▸ **Saved data entries**
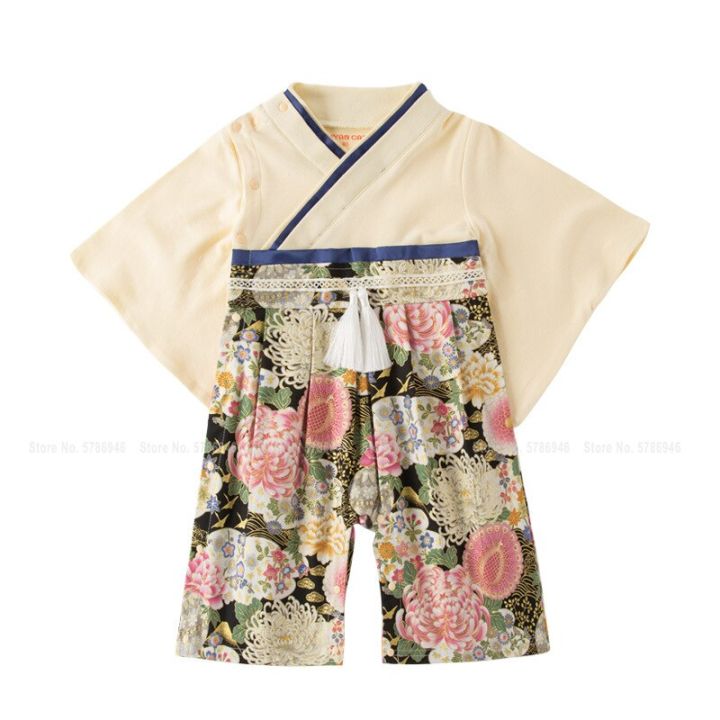 เด็กสไตล์ญี่ปุ่นพิมพ์-kimono-เด็ก-retro-yukata-jumpsuit-เด็กแฟชั่น-hanfu-romper-jumpsuit-เอเชียเสื้อผ้าสไตล์เอเชียตะวันออก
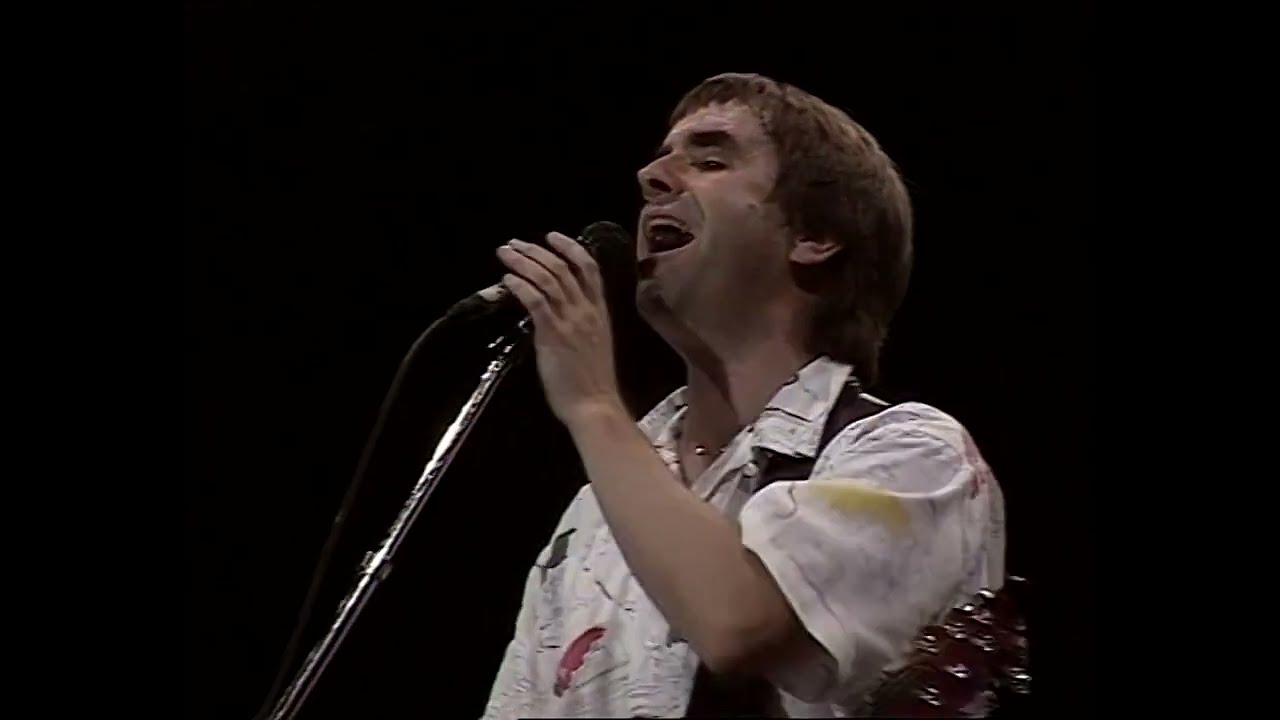 Chris De Burgh - Rockpop In Concert (1987 live in Munich) [One Word, The Lady in Red, Spirit of...]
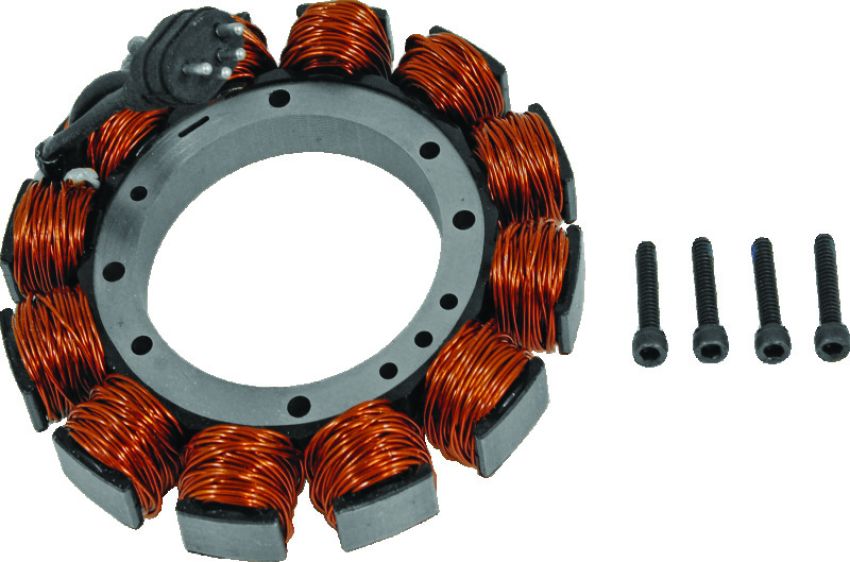 TwinPower 215633 Twin Power 70-75 Big Twin Stator Replaces H-D 29965-70 Unmolded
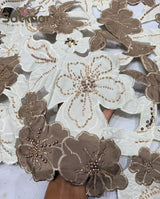 handwork cutdana embroidery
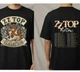 ZZ Top Tour 2026 Shirt The Big One, Rock Band Concert Tee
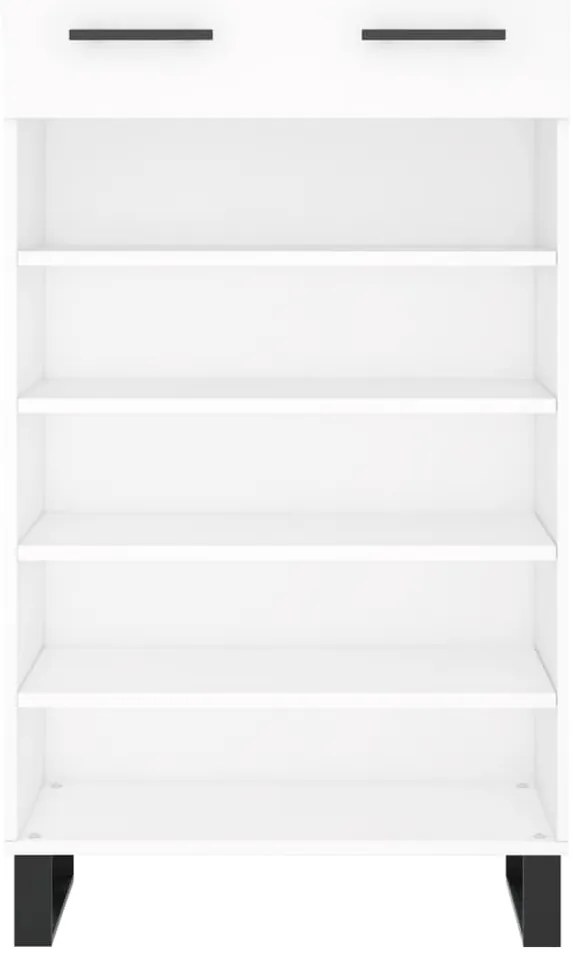 Sapateira 60x35x105 cm derivados de madeira branco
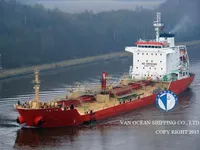Kapal tanker minyak/kimia untuk dijual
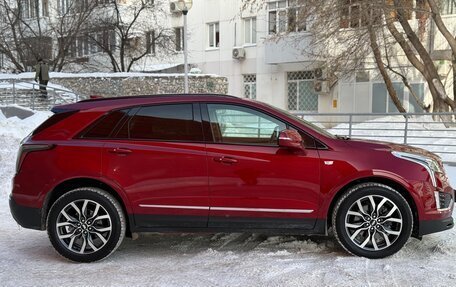 Cadillac XT5 I рестайлинг, 2022 год, 4 990 000 рублей, 8 фотография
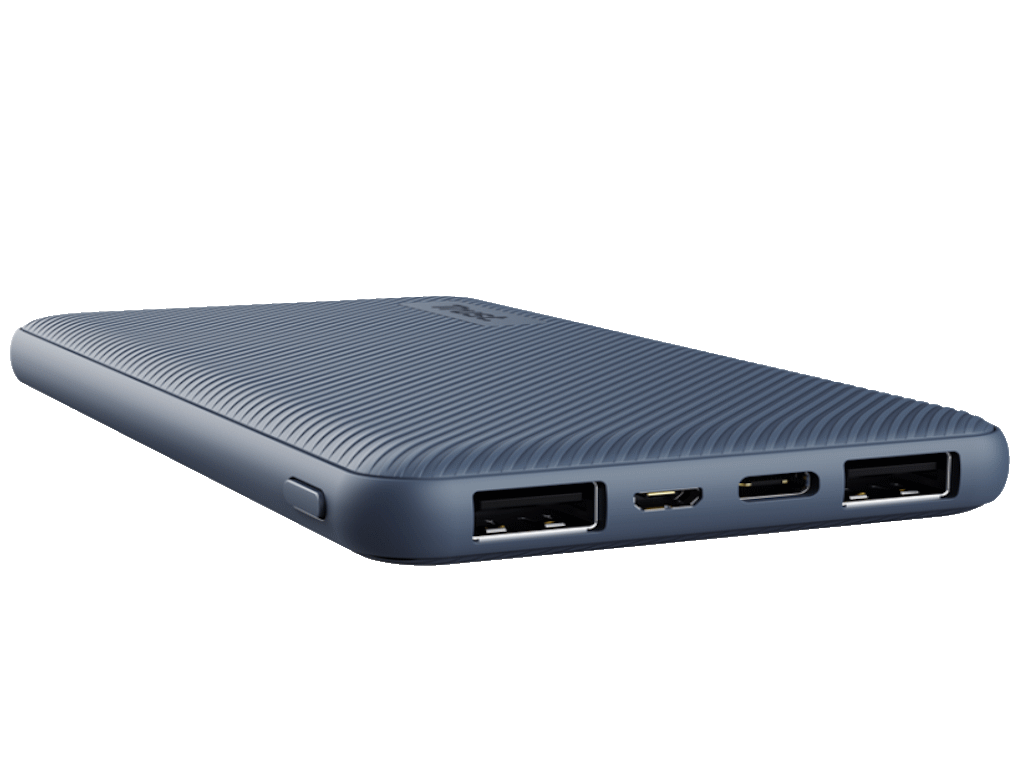 Eksterna baterija TRUST Primo 10.000mAh ECO powerbank/plava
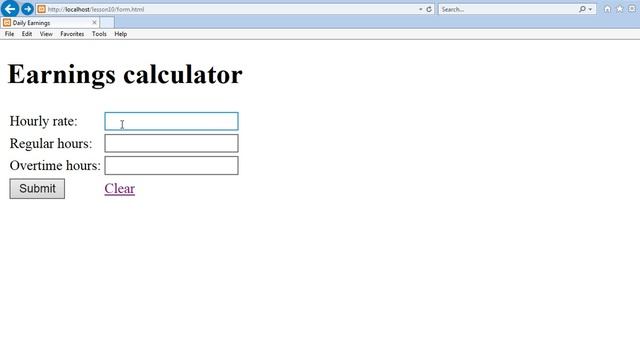 10. PHP - первое Web приложение смотреть онлайн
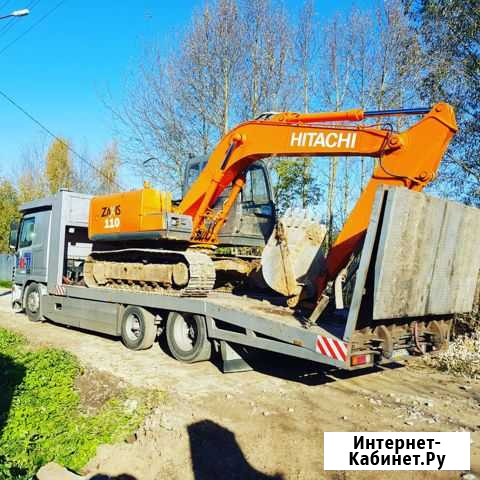 Услуги габаритного,гусеничного экскаватора Hitachi Калуга - изображение 1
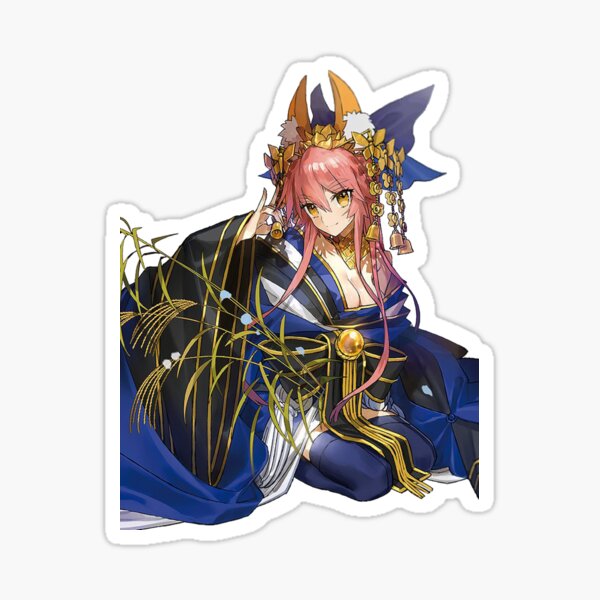 Artikel-Vorschau von Tamamo No Mae (Stufe 4), designt und verkauft von ChineseWeebster.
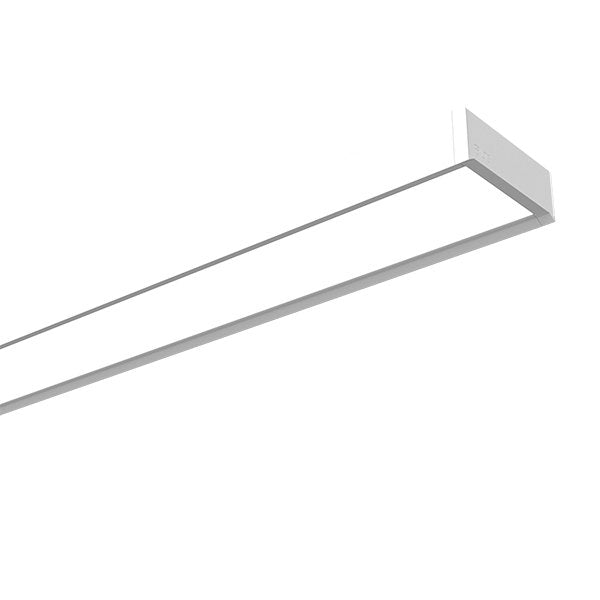 LTS Licht&Leuchten - Decken-/Wandleuchte LED-Anbauleuchte MILAA1041500840D.ws 840, DALI, weiß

▸ **HOW TO COMPLETE THIS TASK**
Your answer must restate the entries word for word and contain no pictures.

▸ **YOUR SOLUTION**
 เด็กสไตล์ญี่ปุ่นพิมพ์-kimono-เด็ก-retro-yukata-jumpsuit-เด็กแฟชั่น-hanfu-romper-jumpsuit-เอเชียเสื้อผ้าสไตล์เอเชียตะวันออก
 Chris De Burgh - Rockpop In Concert (1987 live in Munich) [One Word, The Lady in Red, Spirit of...]
 TwinPower 215633 Twin Power 70-75 Big Twin Stator Replaces H-D 29965-70 Unmolded
 handwork cutdana embroidery
 ZZ Top Tour 2026 Shirt The Big One, Rock Band Concert Tee
 Sapateira 60x35x105 cm derivados de madeira branco
Kapal tanker minyak/kimia untuk dijual
 Cadillac XT5 I рестайлинг, 2022 год, 4 990 000 рублей, 8 фотография
 Eksterna baterija TRUST Primo 10.000mAh ECO powerbank/plava
 10. PHP - первое Web приложение смотреть онлайн
 Услуги габаритного,гусеничного экскаватора Hitachi Калуга - изображение 1
 Artikel-Vorschau von Tamamo No Mae (Stufe 4), designt und verkauft von ChineseWeebster.
 LTS Licht&Leuchten - Decken-/Wandleuchte LED-Anbauleuchte MILAA1041500840D.ws 840, DALI, weiß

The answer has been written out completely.